If you are averse to ricotta, replace it with 1⁄3 cup of pizza sauce; either way the toppings will be sure to please.
½ recipe, Basic or Gluten Free Pizza Dough (preceded recipes)
1½ teaspoons olive oil
¼ cup ricotta, strained if especially wet
1 garlic clove, finely chopped
¼ teaspoon kosher salt
Pinch freshly ground black pepper
½ cup pitted kalamata olives
½ cup grape tomatoes, halved
¼ cup grated or shredded Pecorino Romano
4 slices bacon, cooked and crumbled
Pinch crushed red pepper, optional
6 Medium to large fresh basil leaves, torn
Nutritional information per serving (based on 6 servings):
Calories 193 (35% from fat) • carb. 24g · pro. 9g • fat 7g • sat. fat 2g
• chol. 13mg • sod. 575mg • calc. 20mg • fiber 1g
1. Stretch or roll the dough to a 10 or 12-inch round and fit onto an oiled pizza screen or into the provided baking pan (oiled).
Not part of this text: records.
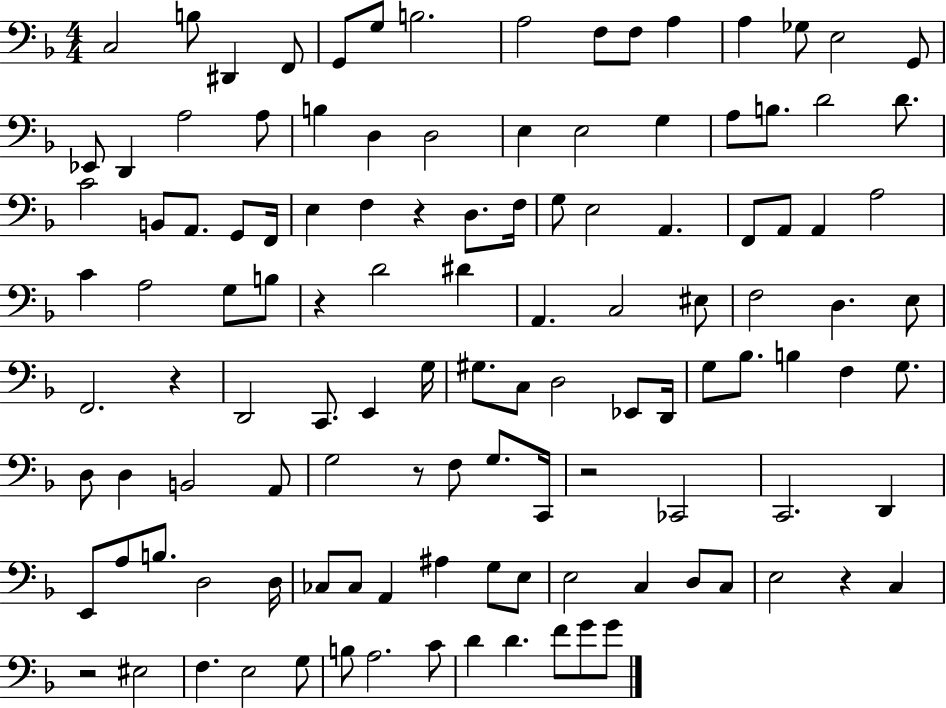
{
  \clef bass
  \numericTimeSignature
  \time 4/4
  \key f \major
  c2 b8 dis,4 f,8 | g,8 g8 b2. | a2 f8 f8 a4 | a4 ges8 e2 g,8 | \break ees,8 d,4 a2 a8 | b4 d4 d2 | e4 e2 g4 | a8 b8. d'2 d'8. | \break c'2 b,8 a,8. g,8 f,16 | e4 f4 r4 d8. f16 | g8 e2 a,4. | f,8 a,8 a,4 a2 | \break c'4 a2 g8 b8 | r4 d'2 dis'4 | a,4. c2 eis8 | f2 d4. e8 | \break f,2. r4 | d,2 c,8. e,4 g16 | gis8. c8 d2 ees,8 d,16 | g8 bes8. b4 f4 g8. | \break d8 d4 b,2 a,8 | g2 r8 f8 g8. c,16 | r2 ces,2 | c,2. d,4 | \break e,8 a8 b8. d2 d16 | ces8 ces8 a,4 ais4 g8 e8 | e2 c4 d8 c8 | e2 r4 c4 | \break r2 eis2 | f4. e2 g8 | b8 a2. c'8 | d'4 d'4. f'8 g'8 g'8 | \break \bar "|."
} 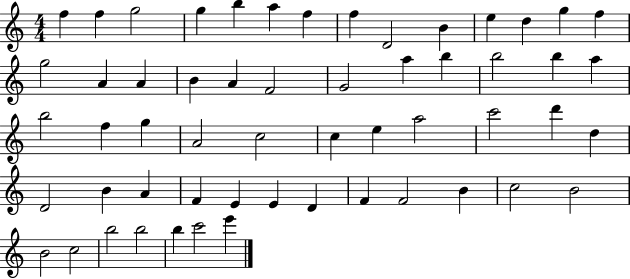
X:1
T:Untitled
M:4/4
L:1/4
K:C
f f g2 g b a f f D2 B e d g f g2 A A B A F2 G2 a b b2 b a b2 f g A2 c2 c e a2 c'2 d' d D2 B A F E E D F F2 B c2 B2 B2 c2 b2 b2 b c'2 e' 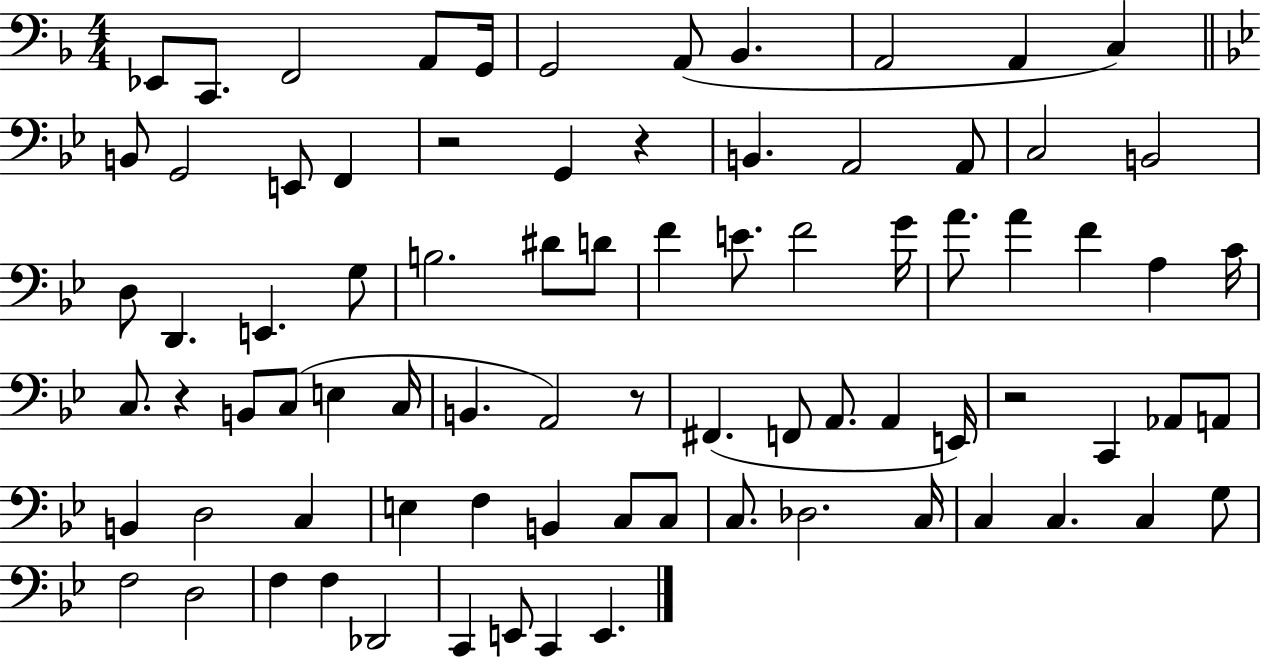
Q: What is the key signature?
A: F major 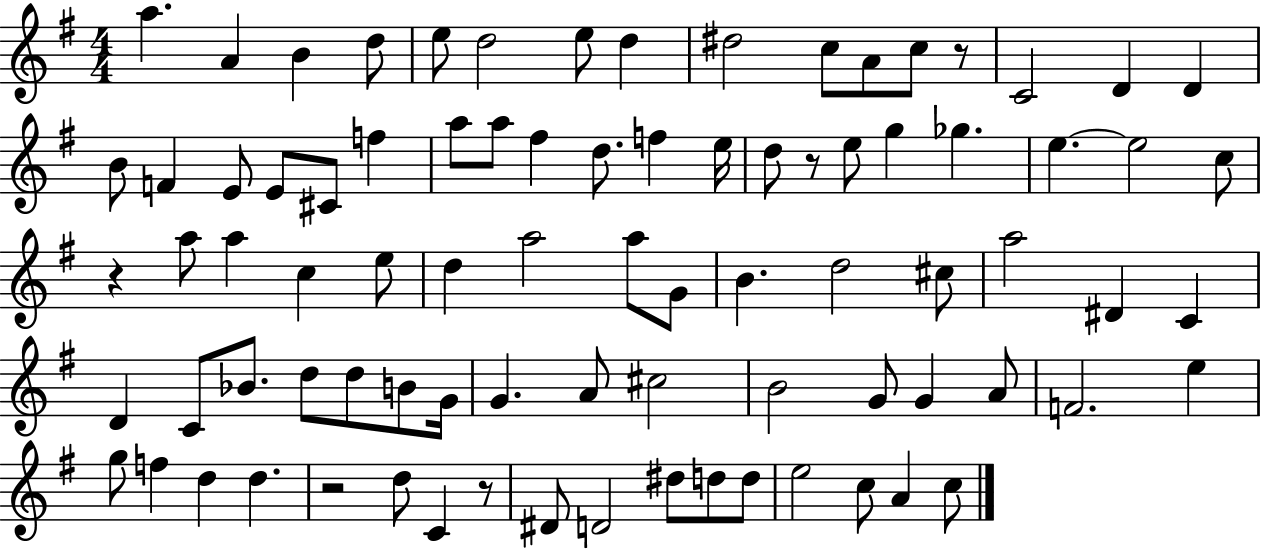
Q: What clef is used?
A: treble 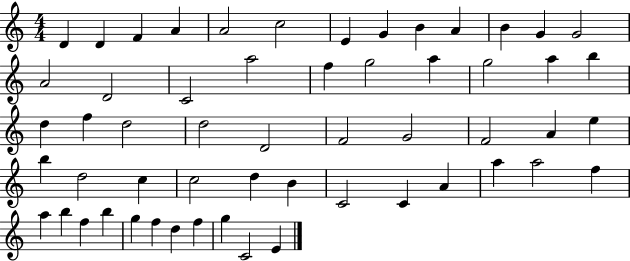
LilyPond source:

{
  \clef treble
  \numericTimeSignature
  \time 4/4
  \key c \major
  d'4 d'4 f'4 a'4 | a'2 c''2 | e'4 g'4 b'4 a'4 | b'4 g'4 g'2 | \break a'2 d'2 | c'2 a''2 | f''4 g''2 a''4 | g''2 a''4 b''4 | \break d''4 f''4 d''2 | d''2 d'2 | f'2 g'2 | f'2 a'4 e''4 | \break b''4 d''2 c''4 | c''2 d''4 b'4 | c'2 c'4 a'4 | a''4 a''2 f''4 | \break a''4 b''4 f''4 b''4 | g''4 f''4 d''4 f''4 | g''4 c'2 e'4 | \bar "|."
} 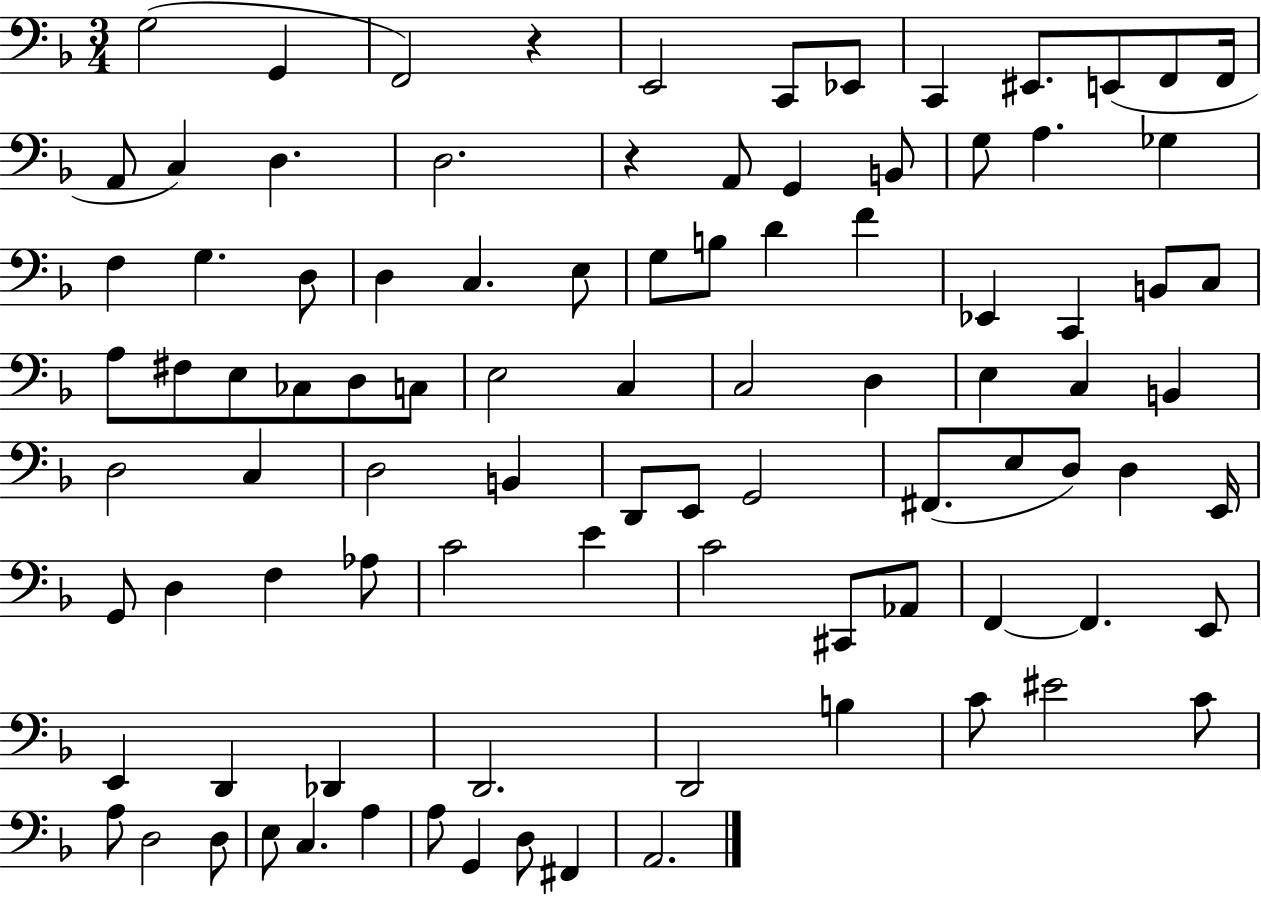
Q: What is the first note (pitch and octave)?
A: G3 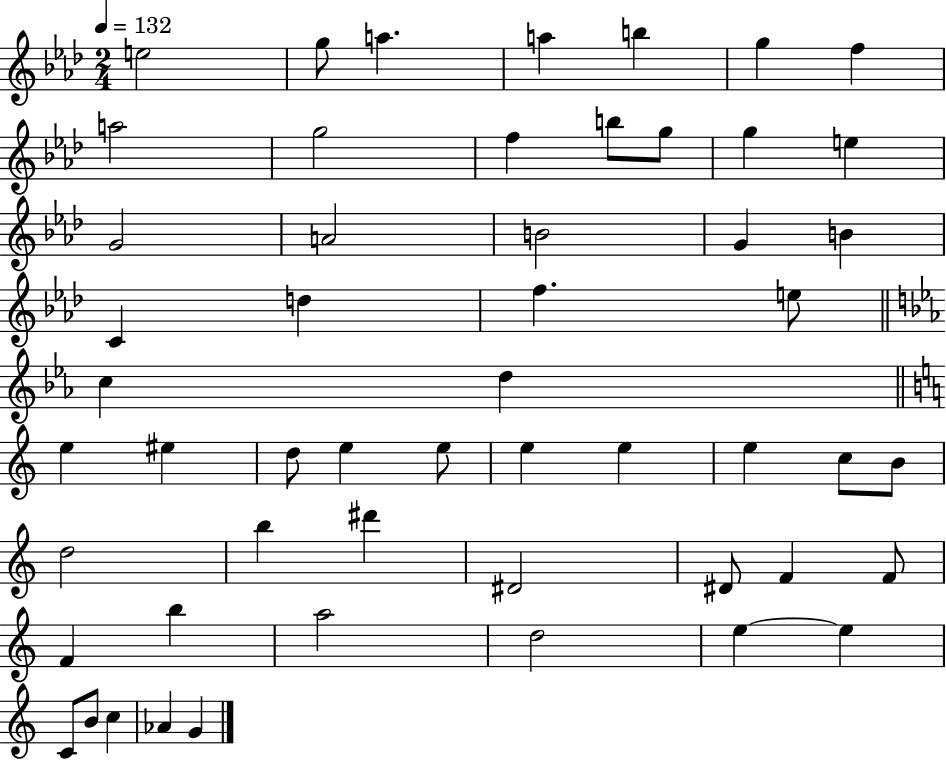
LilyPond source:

{
  \clef treble
  \numericTimeSignature
  \time 2/4
  \key aes \major
  \tempo 4 = 132
  e''2 | g''8 a''4. | a''4 b''4 | g''4 f''4 | \break a''2 | g''2 | f''4 b''8 g''8 | g''4 e''4 | \break g'2 | a'2 | b'2 | g'4 b'4 | \break c'4 d''4 | f''4. e''8 | \bar "||" \break \key ees \major c''4 d''4 | \bar "||" \break \key a \minor e''4 eis''4 | d''8 e''4 e''8 | e''4 e''4 | e''4 c''8 b'8 | \break d''2 | b''4 dis'''4 | dis'2 | dis'8 f'4 f'8 | \break f'4 b''4 | a''2 | d''2 | e''4~~ e''4 | \break c'8 b'8 c''4 | aes'4 g'4 | \bar "|."
} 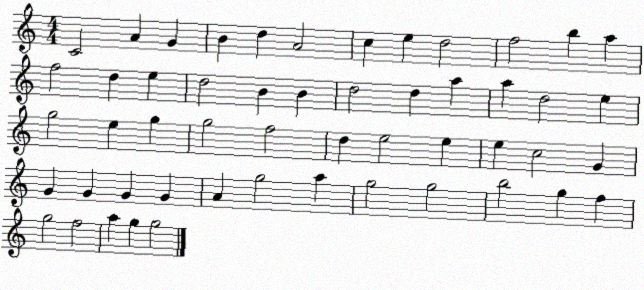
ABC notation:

X:1
T:Untitled
M:4/4
L:1/4
K:C
C2 A G B d A2 c e d2 f2 b a f2 d e d2 B B d2 d a a d2 e g2 e g g2 f2 d e2 e e c2 G G G G G A g2 a g2 g2 b2 g f g2 f2 a g g2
Brush the top of the dough with the olive oil and then dollop the ricotta across the surface, leaving about 1 inch around the edges for a crust. Evenly distribute the remaining ingredients, in the order listed, except for the basil.
2. Adjust the rack to position 3. Set to Pizza, 12-inch fresh at 450°F for 14 minutes. Once is preheated, slide pizza into the oven. Check a few minutes before cooking time is finished so that the pizza is not too dark.
3. Top with the torn basil leaves and slice and serve.